Twenty-four-hour serial blood collections were conducted during baseline (0 wk) and at 2, 8, and 10 wk of the intervention. The meals served were identical at all 3 intervention time points (2, 8, and 10 wk), and the intervention meals were matched as closely as possible to the baseline meals (0 wk), except for the substitution of 25% of energy from sugars in the sugar-sweetened beverages for the complex carbohydrate. The 24-h blood collections at baseline (0 wk) and at the end of the intervention (10 wk) were performed after subjects had consumed energy-balanced, weight-maintaining diets in the CCRC for 10 d. The 24-h blood collections performed after 2 and 8 wk of intervention were preceded by 2- and 8-wk periods of ad libitum food intake. The 24-h profile data were not obtained from one subject from the glucose group because of failure of the catheter to remain patent during the baseline trial.

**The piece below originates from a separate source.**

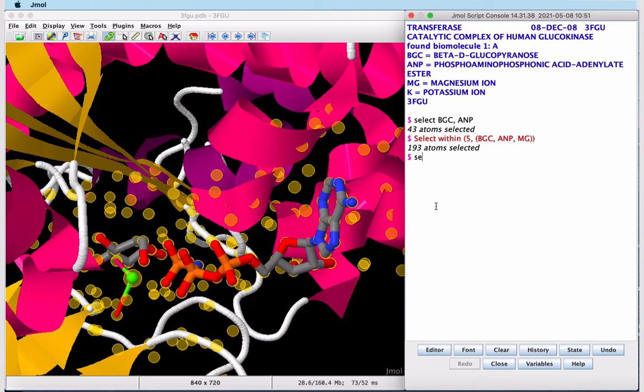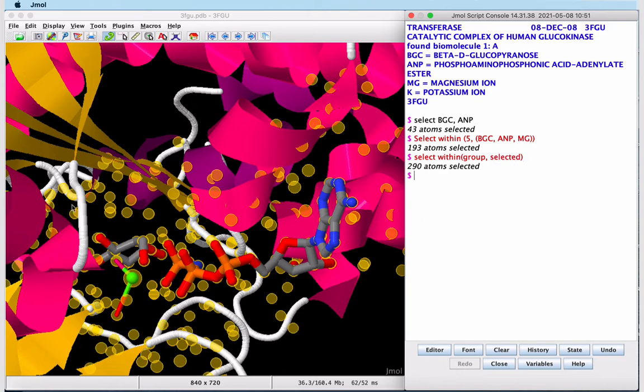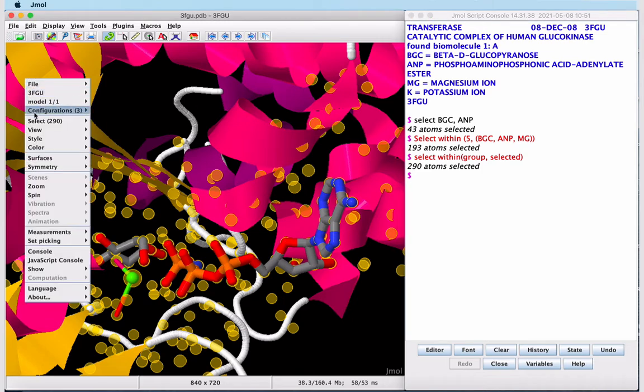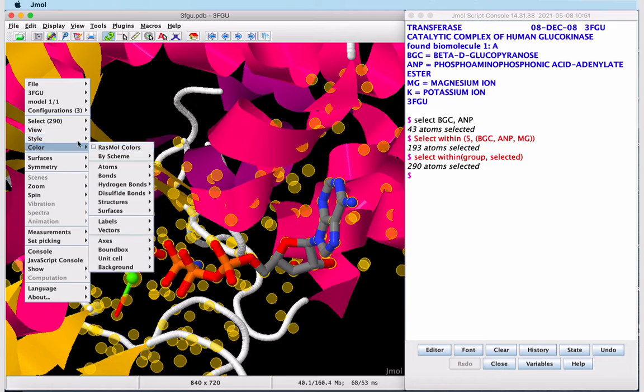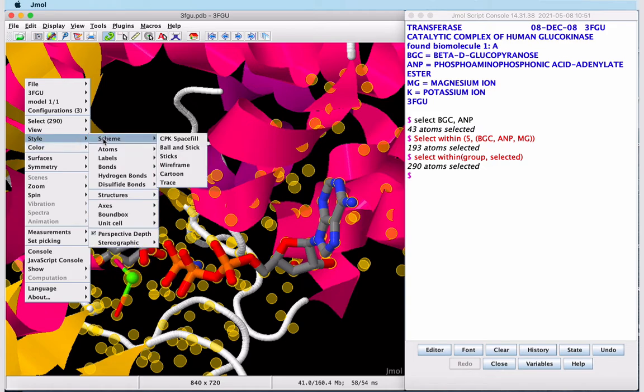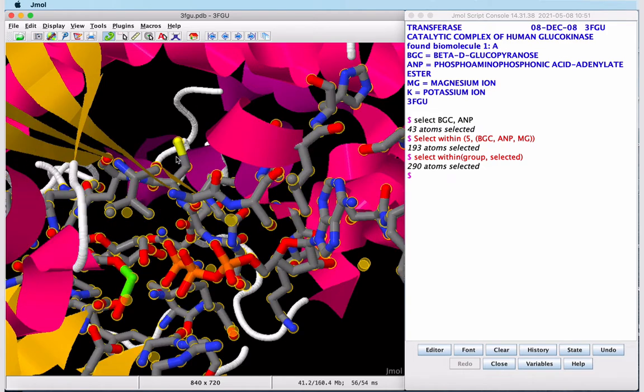Now this is selecting the atoms that are within five angstroms. To extend this to the residues, we need another command. We can see the rest of the amino acid residues light up. To display these as sticks, we can again visit our pop-up menu, Style, Scheme, Sticks. And now we have everything in the active site displayed as sticks.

On the days of serial blood sampling, an intravenous catheter was inserted into an arm vein by a registered nurse at 0730 and kept patent with a slow saline infusion. Three fasting blood samples were collected into tubes containing EDTA at 0800, 0830, and 0900. Thirty-three postprandial blood samples were collected at 30–60-min intervals from 0930 to 0800 the next morning (23, 24). An additional 3–6 mL blood was collected at the 3 fasting time points; this plasma was pooled and stored as multiple aliquots at −70°C.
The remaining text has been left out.